Difficulty in understanding the experimental design ofa RNASeq project

0

Entering edit mode

7.8 years ago

nazaninhoseinkhan ▴ 520

Dear all,

I am trying to download raw RNASeq data (GSE55005) from SRA (NCBI).

When I open the GSMs of the GSE55005, there are several distinct small size srr file ( around 135 Mb).

I expected each GSM contains a single srr file with the size of at least 1 Giga byte.

Can any one help me to understand the design of this experiment?

Should I merge these data before starting the analysis?

Thank you in advance

Nazanin

RNA-Seq • 2.0k views

ADD COMMENT • link updated 7.8 years ago by BioinfGuru ★ 1.7k • written 7.8 years ago by nazaninhoseinkhan ▴ 520

0

Entering edit mode

Design should be described in the associated publication: http://www.ncbi.nlm.nih.gov/pubmed?LinkName=gds_pubmed&from_uid=200055005

ADD REPLY • link 7.8 years ago by GenoMax 141k

score 0 · Answer 1 · 2016-07-07

0

Entering edit mode

7.8 years ago

BioinfGuru ★ 1.7k

Each SRR file is 1 RNAseq run. I would use SRAtookit (http://www.ncbi.nlm.nih.gov/Traces/sra/?view=toolkit_doc) to get the files from the SRA in the required format. DO NOT merge the runs. These are replicates important to the experimental design. From http://www.ncbi.nlm.nih.gov/sra?term=SRP037775 I can see that there are 5 groups each with multiple runs - the paper should tell you the difference between the groups. Within each group is probably sub-groups (maybe treated v controls?).

First step: Figure out how the runs are grouped. Second step: Download the runs you require for your analysis Third step: Choose the pipeline for the analysis.

The merging of replicates does not occur until late in the analysis after each individual replicate has been analysed independently. If you merge before this, then you are losing the purpose replicating runs (validation) and introducing noise and variability and the resulting analysis results will have zero statistical reliability. The following reviews should point you in the right direction:

http://www.ncbi.nlm.nih.gov/pubmed/26108229

http://www.ncbi.nlm.nih.gov/pmc/articles/PMC4728800/

TopHat/Cufflinks pipeline is the traditional approach but is slow and there are others that may be more suitable. However, the pipeline is well supported (especially on this forum) if you run into any problems.

ADD COMMENT • link 7.8 years ago by BioinfGuru ★ 1.7k

0

Entering edit mode

Theoretically, each SRR is one run. However, in reality, they could be split for a variety of reasons that may or may not make sense.

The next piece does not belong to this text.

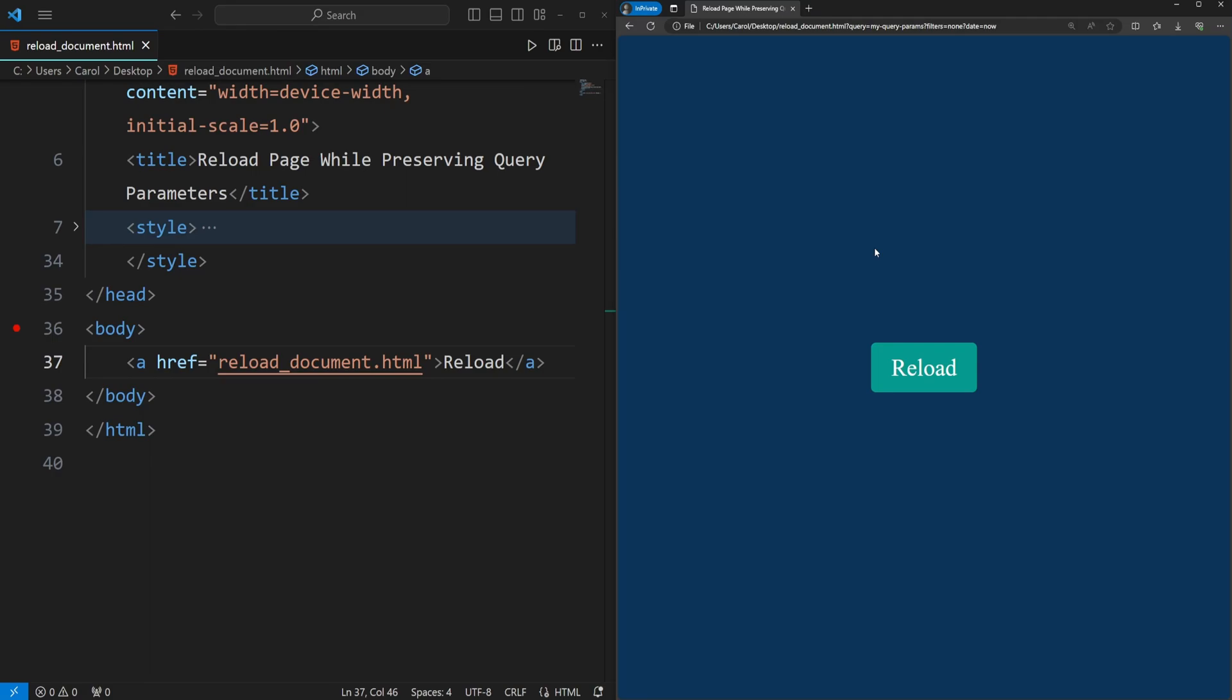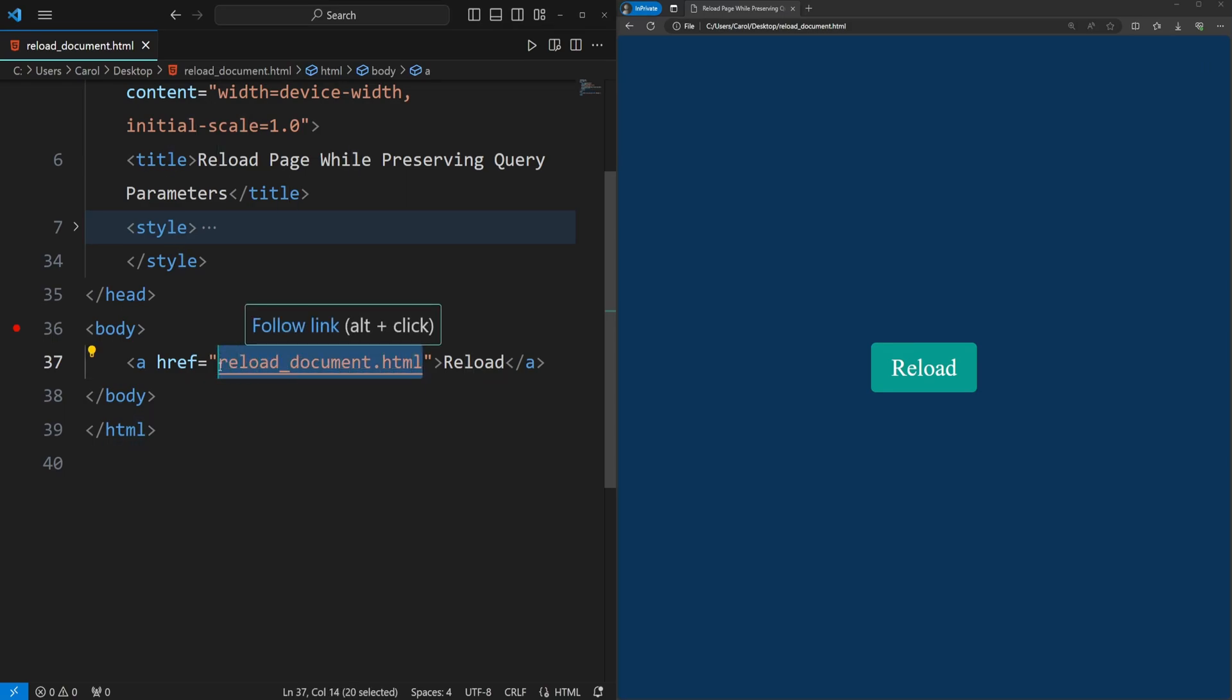And the solution is quite simple. To reload the page while preserving the query parameters within the URL, we can use href with empty quotes.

ADD REPLY • link 7.8 years ago by igor 13k

0

Entering edit mode

Thank you so much for your explanation.

I have another question. Suppose I have test(4 technical replicates) and control groups( 7 technical replicates) of RNASeq runs.

Can I use all of these 11 RNASeq runs in cuffDiff to find differential expressed genes?

Thank you in advance

Nazanin

ADD REPLY • link 7.8 years ago by nazaninhoseinkhan ▴ 520

0

Entering edit mode

I am currently analysing 3 treated replicates and 4 control replicates. For this I have run tophat seperately on each. Then I ran cufflinks seperately on each with a reference genome. Then I used cuffmerge to merge the 3 treated replicates. Then I used cuffmerge to merge the 4 control replicates. Next step is to put the 2 merged files into cuffdiff.

ADD REPLY • link 7.8 years ago by BioinfGuru ★ 1.7k

score 0 · Answer 2 · 2016-07-07

By default, Illumina FASTQs are limited to 4M reads (and are usually not split by modifying the default CASAVA/bcl2fastq settings). You can see all the SRRs (derived from FASTQs) in that project are at exactly 4M reads or lower. The only reason to keep them separate is to keep the file sizes smaller. Otherwise, they should be merged.